Information shown:

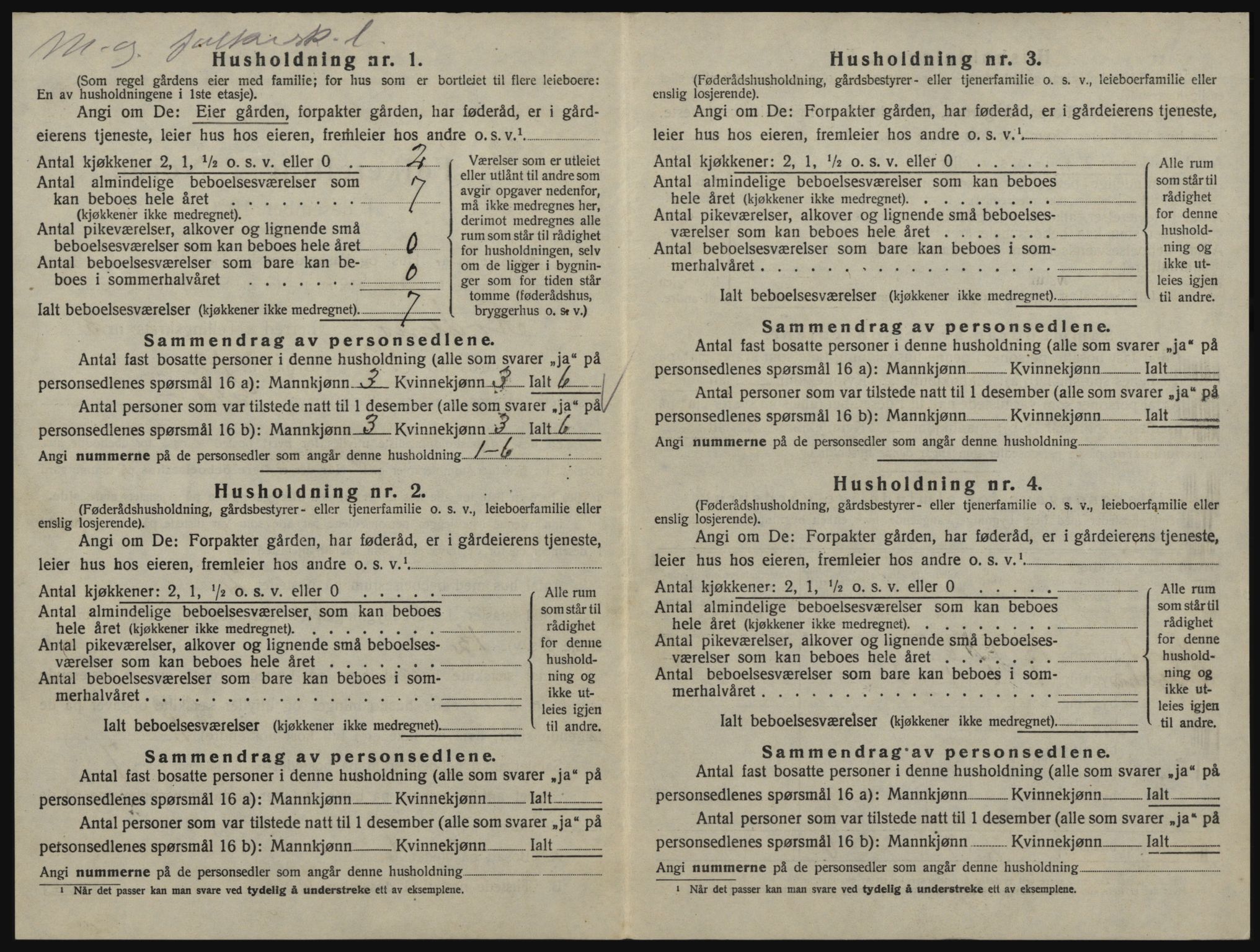 SAO, Folketelling 1920 for 0120 Rødenes herred, 1920, s. 377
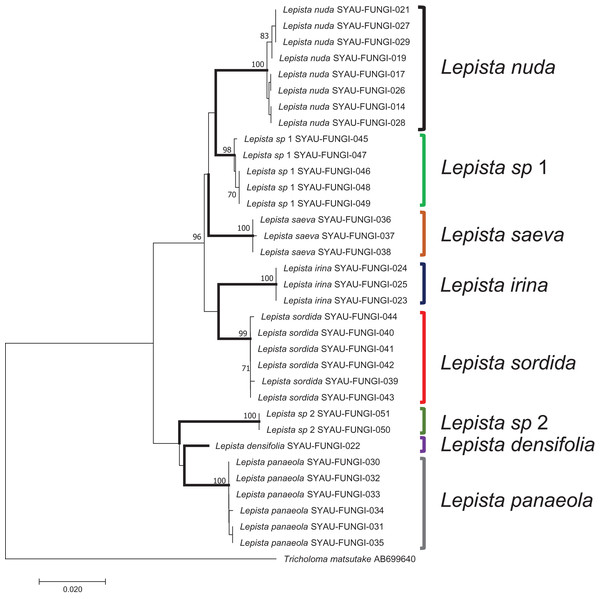 A neighbor-joining tree generated by analysis of ITS from eight Lepista spp.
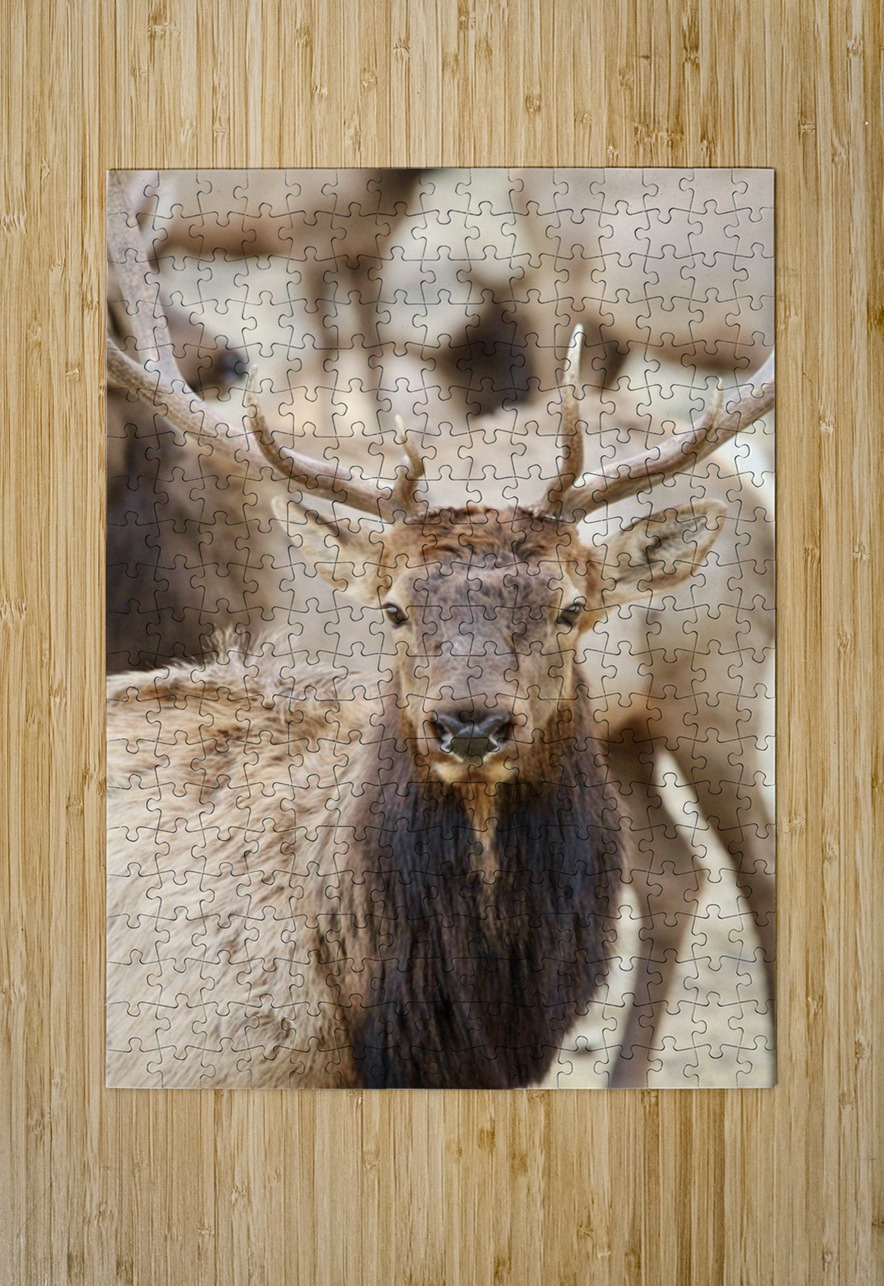 Elk Season Leslie Affeldt Photography Puzzle printing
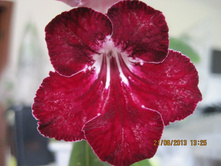 DS-���������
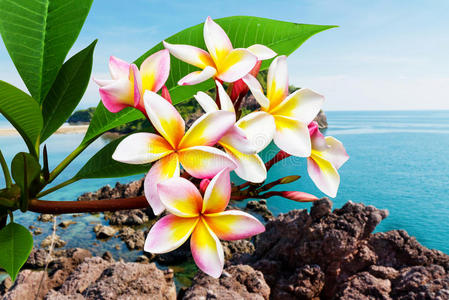 国外海边的花朵美图图片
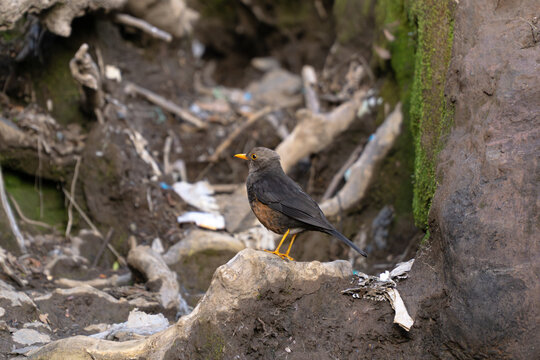 Urban Robin Amidst Rubble: A resilient robin perched amidst a mix of stones and waste in an urban setting, illustrating survival.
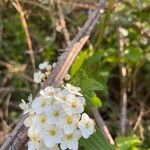 Spiraea cantoniensis Цвят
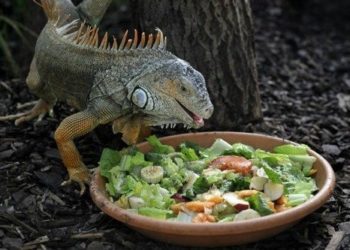 iguana_eating_food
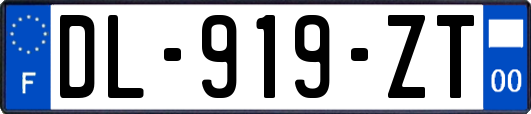 DL-919-ZT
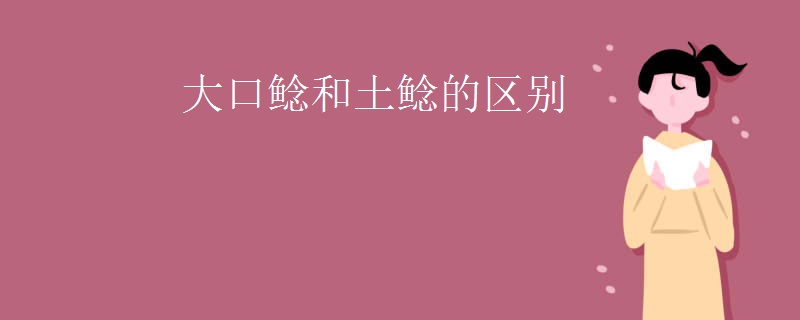 大口鲶和土鲶的区别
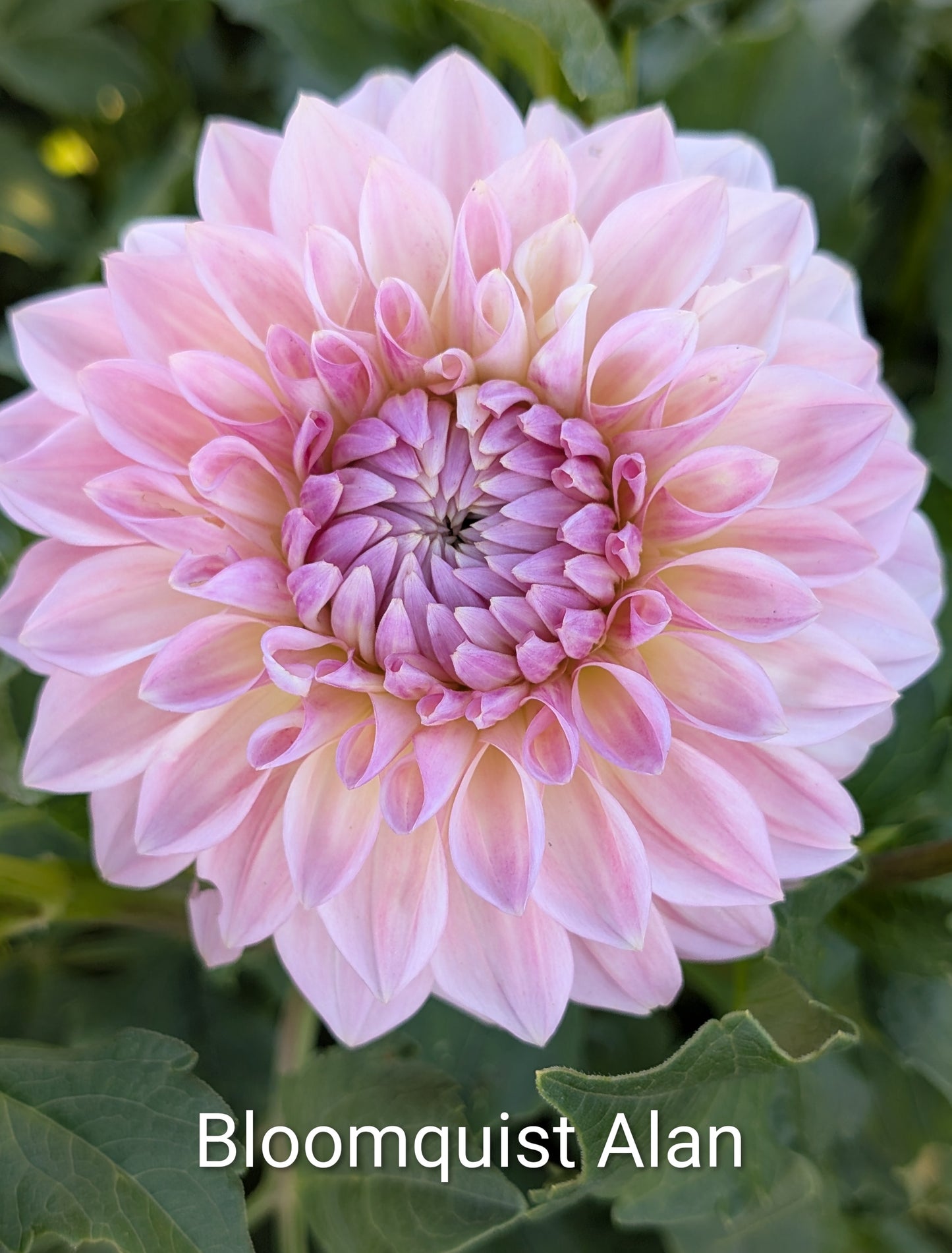 Bloomquist Alan dahlia tuber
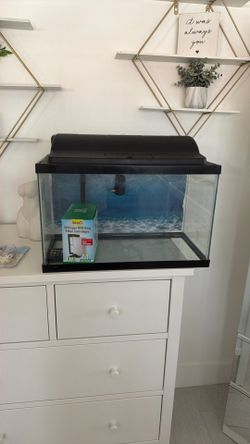 10 Gallon Fish tank 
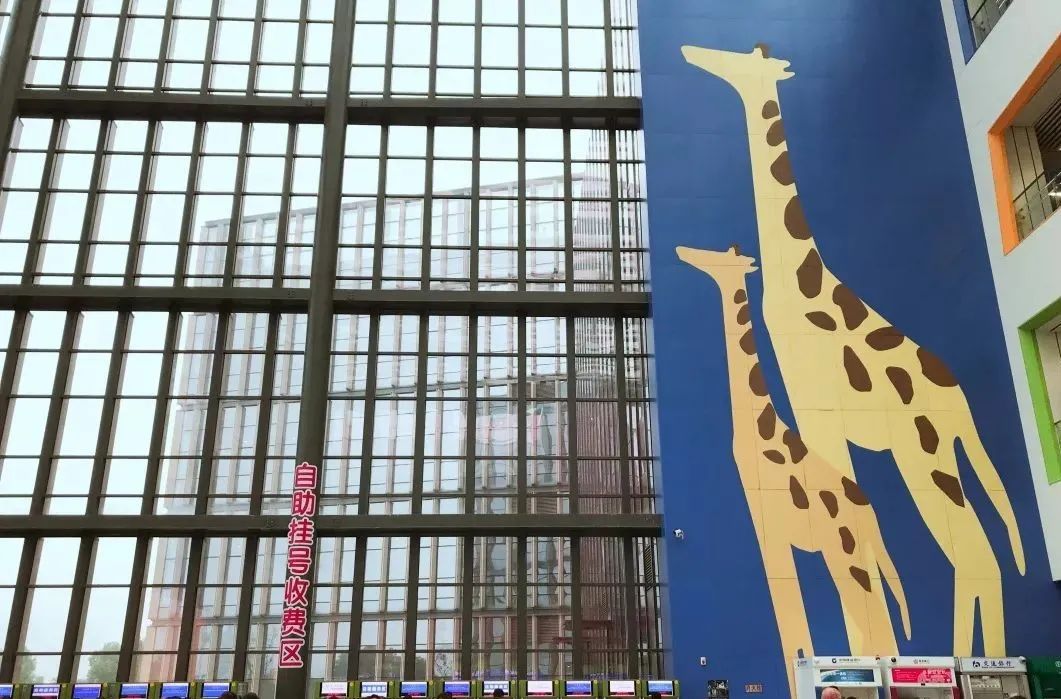 南京市儿童医院最新事件,南京儿童医院现状视频最新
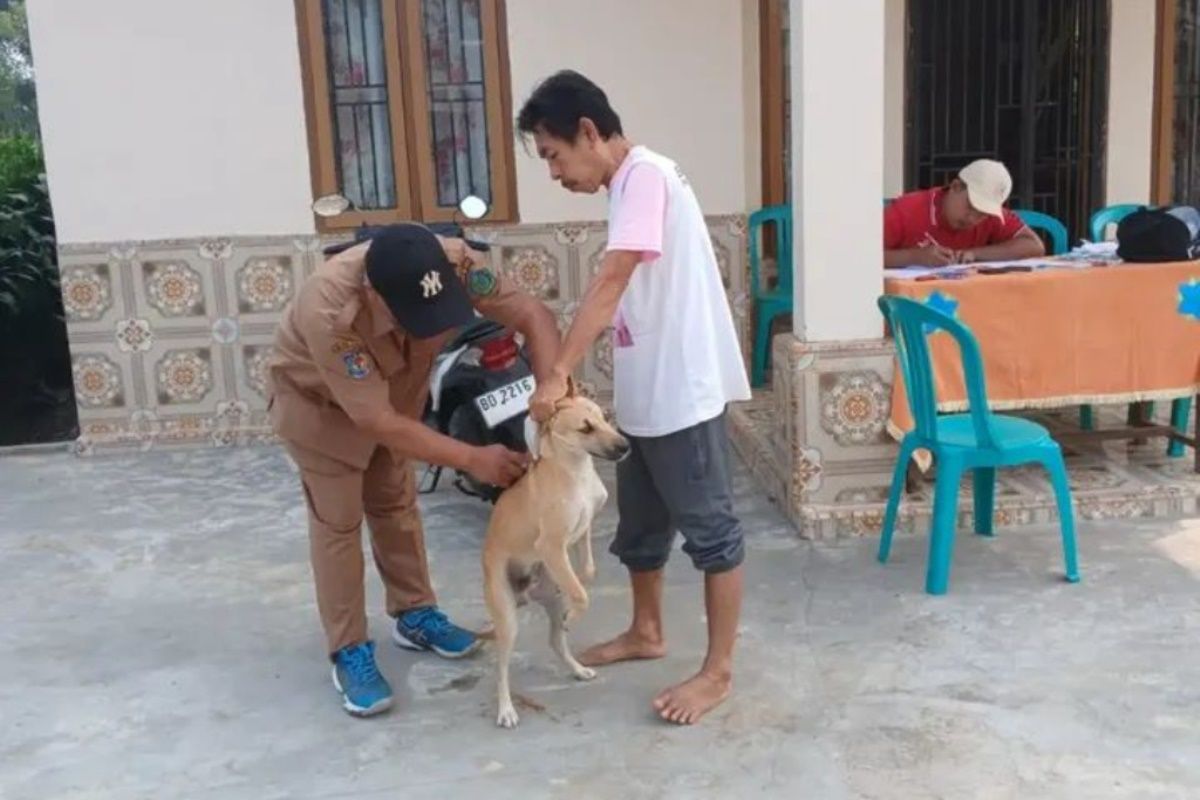 Distankan Rejang Lebong Siapkan 4.000 Dosis Vaksin Rabies Gratis, Sasaran 30.000 Hewan Peliharaan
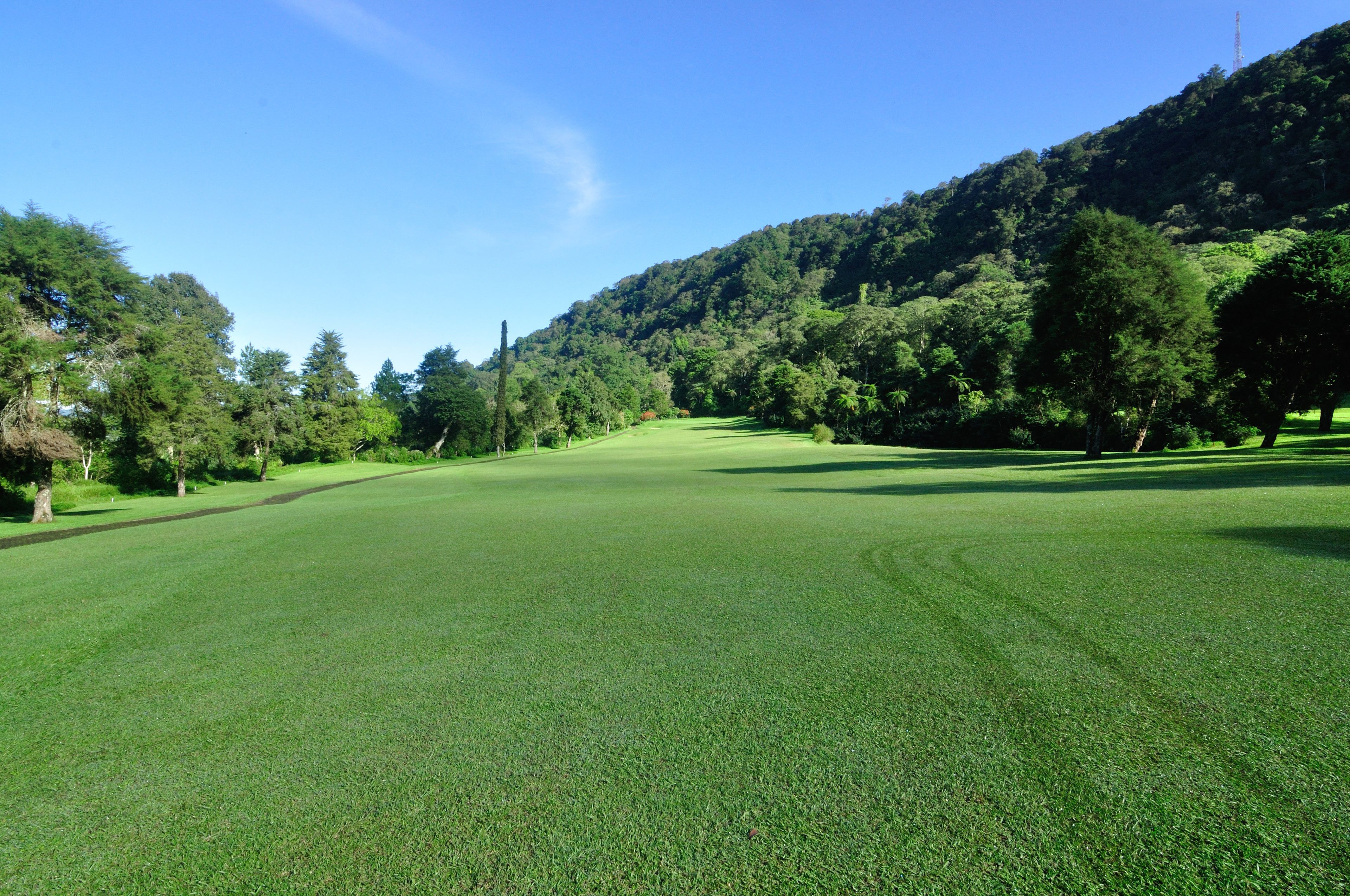 A golf course with a well-maintained green, surrounded by trees and a hill in the background.
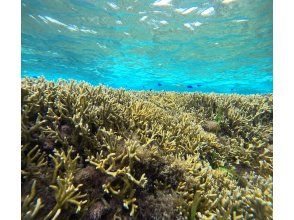 プランの魅力  の画像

Directions for this task: Give back the material exactly as written, images excluded.

Task output:
 SAO, Folketelling 1920 for 0120 Rødenes herred, 1920, s. 377
 A neighbor-joining tree generated by analysis of ITS from eight Lepista spp.
 Elk Season Leslie Affeldt Photography Puzzle printing
 DS-���������
 国外海边的花朵美图图片
 Urban Robin Amidst Rubble: A resilient robin perched amidst a mix of stones and waste in an urban setting, illustrating survival.
 Spiraea cantoniensis Цвят
 iguana_eating_food
 DL-919-ZT
 大口鲶和土鲶的区别
 Bloomquist Alan dahlia tuber
 10 Gallon Fish tank 
 南京市儿童医院最新事件,南京儿童医院现状视频最新
 Distankan Rejang Lebong Siapkan 4.000 Dosis Vaksin Rabies Gratis, Sasaran 30.000 Hewan Peliharaan
 A golf course with a well-maintained green, surrounded by trees and a hill in the background.
 プランの魅力  の画像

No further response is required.